Parametrization moves the parameter to device, but not the gradient?

I am trying to use the new parametrization tool, talked about here: torch.nn.utils.parametrize.register_parametrization — PyTorch 1.12 documentation

More specifically I’m trying to use the ortogonal module: torch.nn.utils.parametrizations.orthogonal — PyTorch 1.12 documentation

I have created the following minimal example to show the problem:

import torch
import torch.nn as nn

class network_test(nn.Module):
    def __init__(self, low_dim, high_dim):

        self.lin = torch.nn.Linear(low_dim,high_dim)
        self.ortho = torch.nn.utils.parametrizations.orthogonal(self.lin)
        self.register_buffer("K", self.lin.weight)

    def forward(self,x):
        y = x @ self.K.T
        return y

low = 3
high = 6
batch_size = 10
model = network_test(low,high)
device = 'cuda:0'
lr = 1e-3
optimizer = torch.optim.Adam(model.parameters(), lr=lr)

x = torch.randn(batch_size,low,device=device)
y = model(x)
loss = y.sum()

This code will crash because the gradient of the parameter is somehow not on cuda, while the parameter itself is.

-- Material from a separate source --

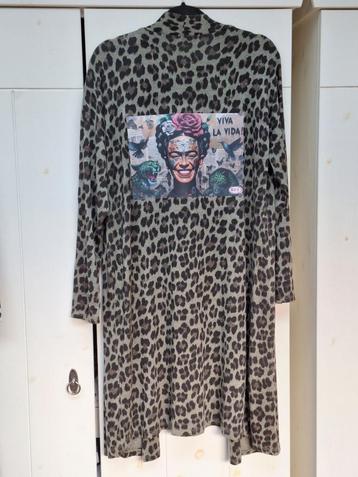 Lang vest, Frida Kahlo viva la vida  dames vest panterprint  beschikbaar voor biedingen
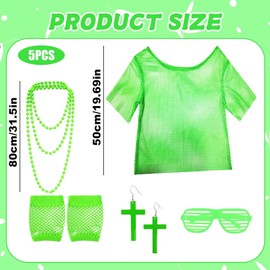 XcnPer Neon Clothes, 80s Fancy Dress for Women, Complete 5-Piece Set with Necklace & Gloves, 80s Accessories for Women, Perfect for Parties & Stage Performances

I’m not sure how this is happening or what I should be doing differently?

When you perform this: self.register_buffer("K", self.lin.weight) you store in the buffer a tensor that is on CPU. This is also written in the docs of register_buffer: Module — PyTorch 1.12 documentation.

tensor (Tensor or None) – buffer to be registered. If None, then operations that run on buffers, such as cuda, are ignored. If None, the buffer is not included in the module’s state_dict.`

To make your code work, just use any other parameter but the registered buffer K for your operations. You can call self.lin(x), self.ortho(x), or even use their weight.